(HOW TO COMPLETE THIS TASK): Strip the pictures, then copy the remaining data exactly as it stands.

(INPUT DATA):

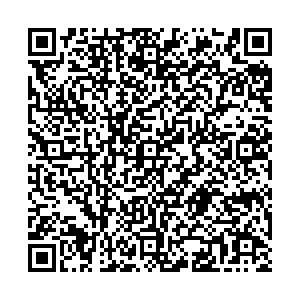 МейТан Якутск Ленина, 19 контакты qr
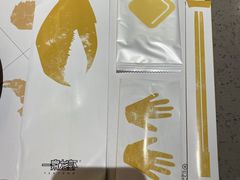 -一棠龙虾(徐家汇城开YOYO店)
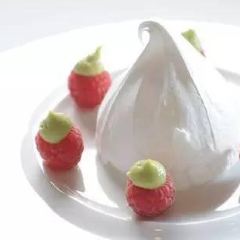 RESTAURANT GUY SAVOY 여행 사진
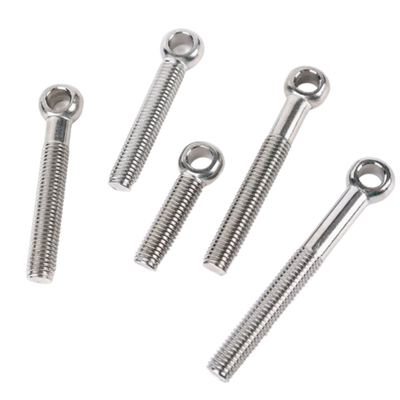 Armatures pneumatiques Burrs minimales équipées de connecteurs à étanchéité de fil de diamètre M10 pour équipements d'automatisation pneumatique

(THE ANSWER):
 МейТан Якутск Ленина, 19 контакты qr
 -一棠龙虾(徐家汇城开YOYO店)
 RESTAURANT GUY SAVOY 여행 사진
 Armatures pneumatiques Burrs minimales équipées de connecteurs à étanchéité de fil de diamètre M10 pour équipements d'automatisation pneumatique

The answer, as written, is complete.